- Born: 15 February 1931 (age 95) Shisen, Keishōnan-dō, Korea, Empire of Japan
- Education: Hosei University (BA)
- Occupations: Chairman and CEO, Maruhan
- Children: 7

Korean name
- Hangul: 한창우
- Hanja: 韓昌祐
- RR: Han Changu
- MR: Han Ch'angu

Japanese name (transcription)
- Kanji: 韓昌祐
- Katakana: ハン・チャンウ
- Revised Hepburn: Han Chan'u

Japanese name (reading)
- Kanji: 韓昌祐
- Hiragana: かん しょうゆう
- Revised Hepburn: Kan Shōyū

= Han Chang-woo =

Zainichi Korean businessman (born 1931)

Han Chang-woo (韓 昌祐, born February 15, 1931; read in Japanese as Han Chan'u or rarely Kan Shōyū) is a Korean-born Japanese businessman who is the CEO of the pachinko management company Maruhan (マルハン).

==Early life==
Han was born in Korea and secretly entered Japan in October 1945. He obtained Special Permanent Resident status and attended Hosei University, graduating with a degree in economics in 1952.

==Career==
Shortly after graduation, he took over a pachinko operation run by his brother-in-law in Kyoto.

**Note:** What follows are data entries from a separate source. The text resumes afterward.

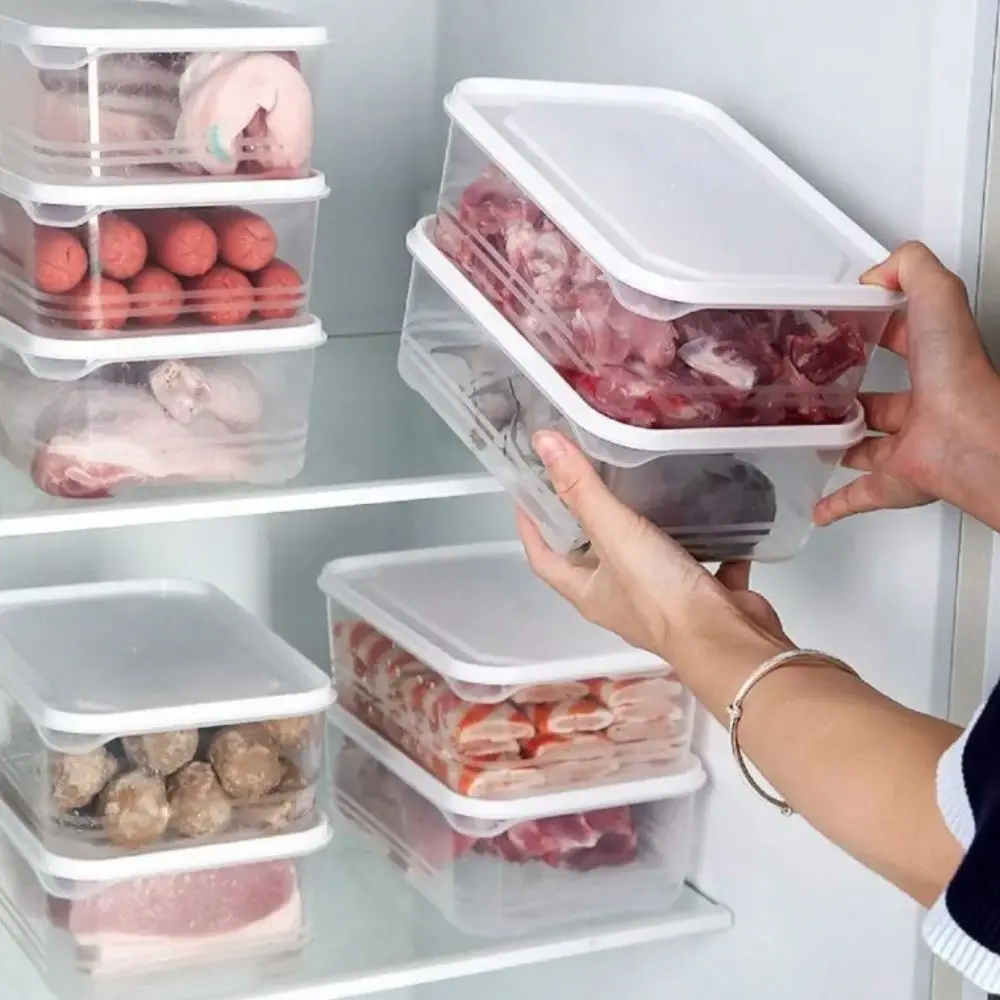 

3Pcs 2000ml Refrigerator Storage Box Microwaveable Food Grade Plastic Fresh-Keeping Box Reusable Sealed Crisper Box Meat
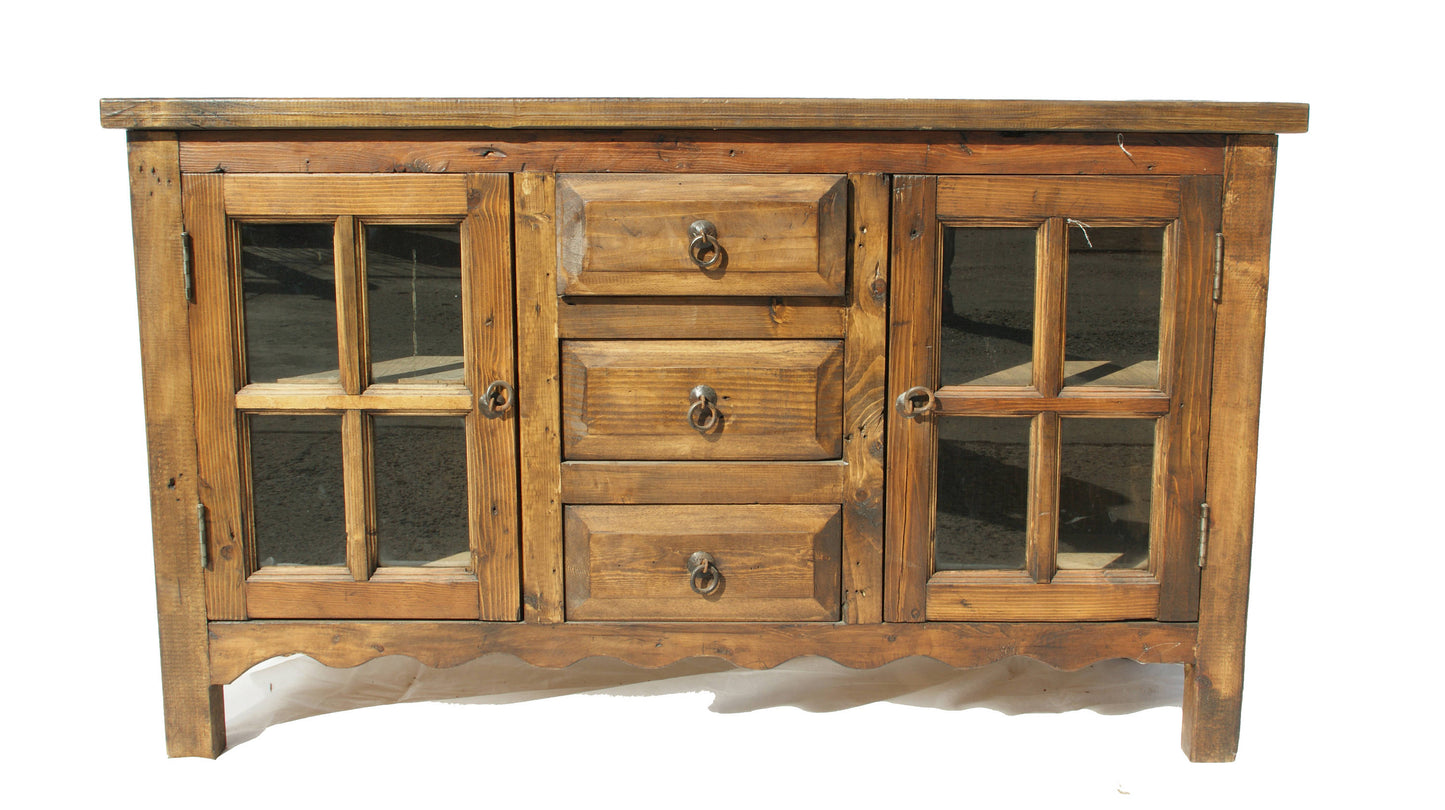 Custom Rustic Bathroom Vanity 48" wide Glass Doors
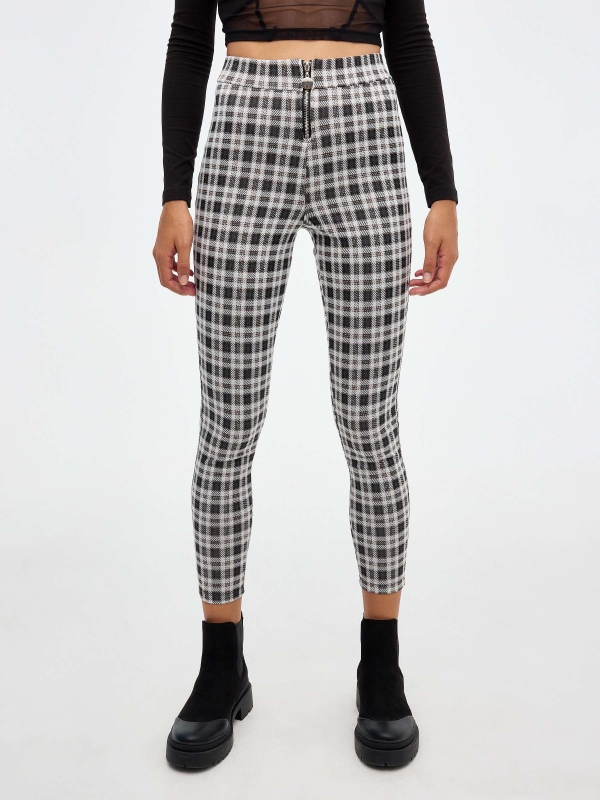 Plaid leggings with zipper black middle front view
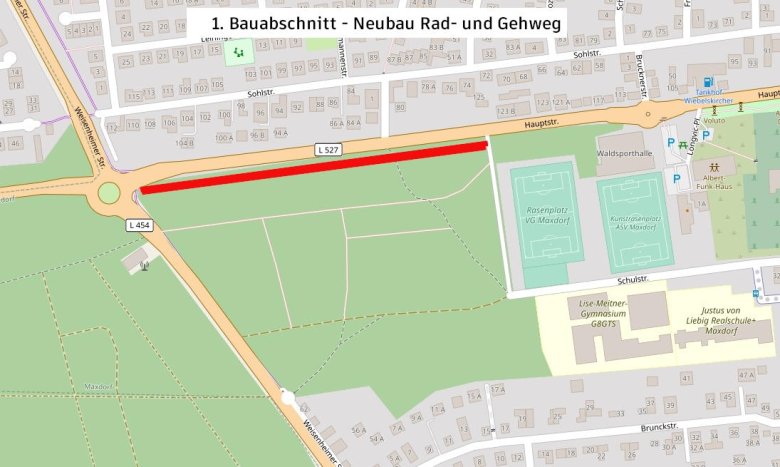 Lageplan, Kartenausschnitt mit eingezeichnetem ersten Bauabschnitt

He founded Maruhan Corporation in 1972. Han became a Japanese national in 2002.

==Philanthropy==
He has announced that he intends to give away his entire fortune to foster Korean and Japanese relations before he dies. More recently he has pledged to up his culture fund based in Japan to 140 billion won and an education fund in Korea to 10 billion won.

==Awards==
- Order of the Sacred Treasure, Third Class — 1999
- Sacheon Citizen Award (사천시민대상) — 2010

==Controversy==
A lawsuit was filed in September 2020 in the U.S. Territory of Guam, alleging that he had unlawfully taken away $300 million in stock owned by one of his daughters. The Suit also claims that Han Chang-woo's motivation for this action was to force his daughter to divorce her second husband, an African-American businessman and retired professional basketball player.